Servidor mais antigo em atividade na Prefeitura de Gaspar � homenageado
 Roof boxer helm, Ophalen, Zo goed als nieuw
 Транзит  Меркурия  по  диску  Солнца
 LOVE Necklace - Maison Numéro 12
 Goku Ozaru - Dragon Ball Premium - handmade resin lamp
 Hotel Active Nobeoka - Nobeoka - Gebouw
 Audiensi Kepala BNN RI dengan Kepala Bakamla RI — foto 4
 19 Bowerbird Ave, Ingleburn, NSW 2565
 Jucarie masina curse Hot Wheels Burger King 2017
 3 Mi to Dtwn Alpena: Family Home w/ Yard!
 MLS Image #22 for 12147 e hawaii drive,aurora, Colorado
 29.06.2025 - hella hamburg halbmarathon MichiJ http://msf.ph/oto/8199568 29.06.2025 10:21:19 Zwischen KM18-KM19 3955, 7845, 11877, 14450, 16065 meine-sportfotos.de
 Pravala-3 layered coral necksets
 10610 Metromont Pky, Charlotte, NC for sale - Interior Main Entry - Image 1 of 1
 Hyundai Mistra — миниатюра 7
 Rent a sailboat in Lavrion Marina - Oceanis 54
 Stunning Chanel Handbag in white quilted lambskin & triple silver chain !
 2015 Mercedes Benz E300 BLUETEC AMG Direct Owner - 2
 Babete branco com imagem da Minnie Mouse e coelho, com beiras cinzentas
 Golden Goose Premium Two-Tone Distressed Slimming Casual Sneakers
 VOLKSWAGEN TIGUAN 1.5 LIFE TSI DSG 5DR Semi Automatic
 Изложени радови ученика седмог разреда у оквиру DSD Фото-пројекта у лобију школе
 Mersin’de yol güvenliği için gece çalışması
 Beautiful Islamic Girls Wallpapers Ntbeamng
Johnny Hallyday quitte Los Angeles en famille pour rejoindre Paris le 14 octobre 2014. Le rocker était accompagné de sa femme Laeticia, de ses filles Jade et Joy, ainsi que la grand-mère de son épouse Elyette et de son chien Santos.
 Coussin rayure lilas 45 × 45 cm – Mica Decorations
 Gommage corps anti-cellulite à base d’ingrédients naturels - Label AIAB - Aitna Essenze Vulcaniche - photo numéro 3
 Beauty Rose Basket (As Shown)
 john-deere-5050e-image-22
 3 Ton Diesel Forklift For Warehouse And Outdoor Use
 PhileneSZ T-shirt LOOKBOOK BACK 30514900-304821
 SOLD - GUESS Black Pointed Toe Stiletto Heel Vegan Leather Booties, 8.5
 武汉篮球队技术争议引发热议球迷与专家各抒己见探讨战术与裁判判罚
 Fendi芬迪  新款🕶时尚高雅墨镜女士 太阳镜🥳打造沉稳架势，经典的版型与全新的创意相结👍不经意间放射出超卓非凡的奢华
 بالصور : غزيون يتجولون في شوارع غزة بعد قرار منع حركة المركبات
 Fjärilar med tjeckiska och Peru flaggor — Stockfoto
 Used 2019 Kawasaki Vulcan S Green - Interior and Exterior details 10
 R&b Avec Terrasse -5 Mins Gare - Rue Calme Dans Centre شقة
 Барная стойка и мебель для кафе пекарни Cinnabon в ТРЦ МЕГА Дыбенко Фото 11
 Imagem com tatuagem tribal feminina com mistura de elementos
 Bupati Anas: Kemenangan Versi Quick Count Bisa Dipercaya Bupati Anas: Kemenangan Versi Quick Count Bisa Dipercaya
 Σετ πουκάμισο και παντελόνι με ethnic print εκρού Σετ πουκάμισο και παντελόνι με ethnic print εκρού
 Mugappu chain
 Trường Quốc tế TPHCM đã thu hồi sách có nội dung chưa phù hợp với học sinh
------------------------------------------------------------
Task brief: Going back over the entries above, copy word for word every line from the one that has "29.06.2025 - hella" on through the one that has "Pravala-3 layered coral necksets".

Output of the exercise:
 29.06.2025 - hella hamburg halbmarathon MichiJ http://msf.ph/oto/8199568 29.06.2025 10:21:19 Zwischen KM18-KM19 3955, 7845, 11877, 14450, 16065 meine-sportfotos.de
 Pravala-3 layered coral necksets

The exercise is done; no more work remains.